Back in the early history of the church, two factions in Northern Africa tried to cancel each other out. They argued that the priests of the other faction were so filled with sin that they could not administer the sacraments. They might say the words, but the good magic would not work.

Along came the great St. Augustine to the rescue. He said, in essence, you got it all wrong, people. Just do the work! If a priest says the words and pours the water, you are baptized. And thank God for that.

Can I enjoy old episodes of the Cosby Show? Or any Woody Allen movie? Should I teach the fiction of J.D. Salinger or attend an exhibit of Picasso, two artists who had troubling relationships with young women?

I am not making an argument here for self-hypnosis or rationalization, a kind of radical compartmentalization. If the content of a work is morally corrupt, then, of course, we should not promote it, or enrich its creator with our purchase or participation.

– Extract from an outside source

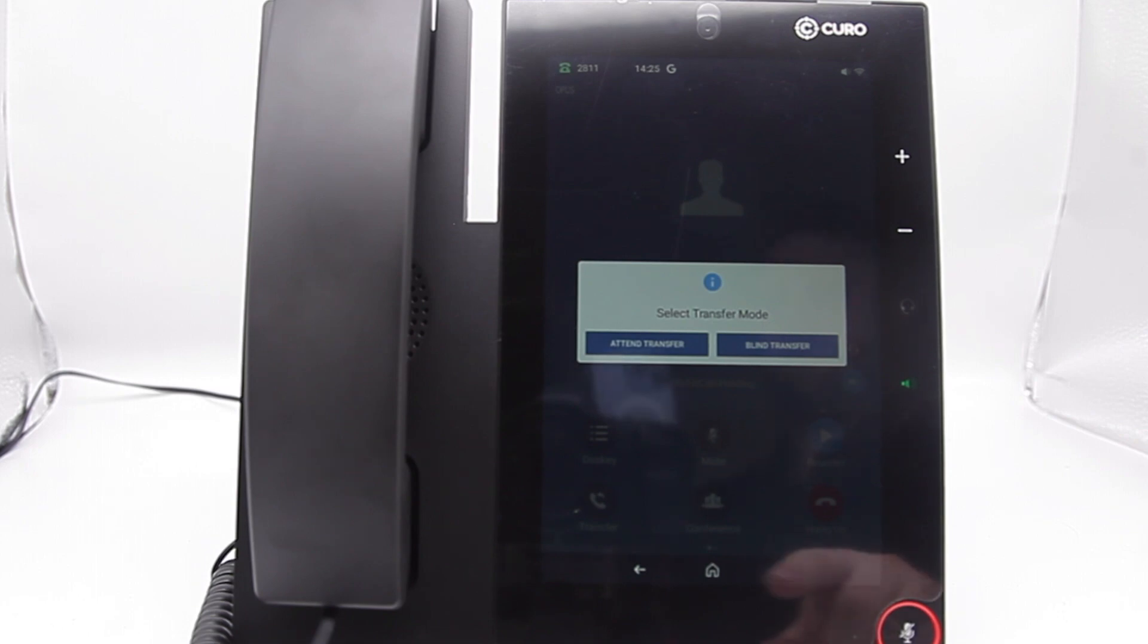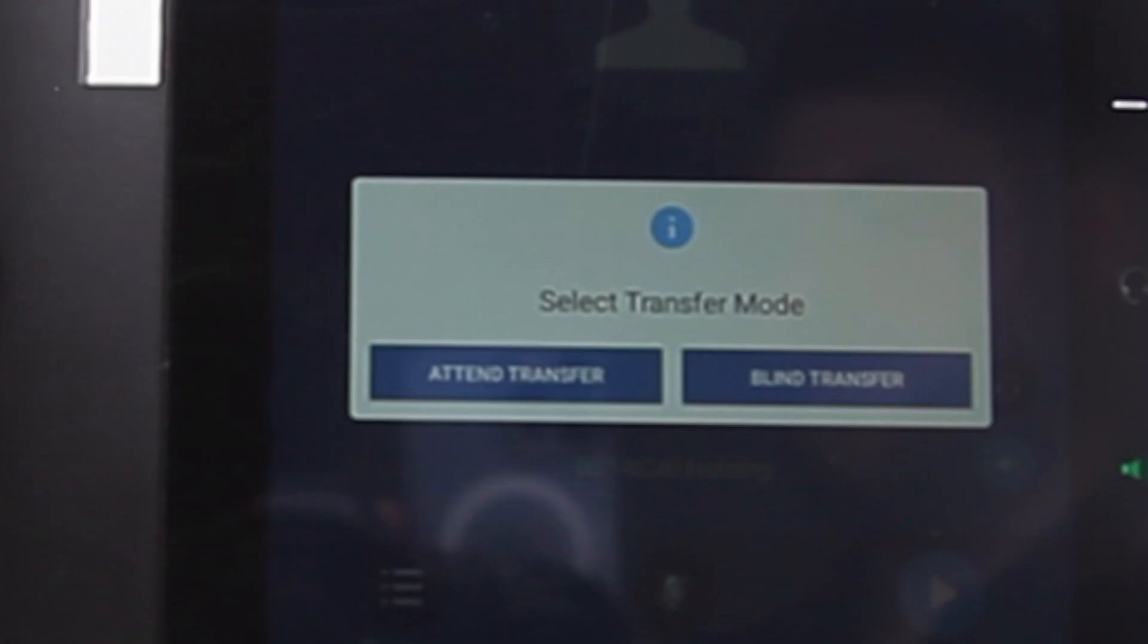We can now select from two options, blind transfer or assisted transfer. A blind transfer pushes a call through to another device, which will then begin to ring. They then pick it up and it will be the person you transferred.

But, if I am having a bad day, and if YouTube leads me to a version of “I Believe I Can Fly,” and I listen to the lyrics “I used to think that I could not go on / And life was nothing but an awful song / But now I know the meaning of true love / I’m leaning on the everlasting arms,” and, near the end, the orchestra blends in to support a full gospel choir, and my spirit soars …

I know the person who created that work is in a jail cell where he belongs. But I feel I can embrace the miracle that such a criminal could leave at least one good thing behind. That thing no longer belongs to him. It belongs to us if we still want it.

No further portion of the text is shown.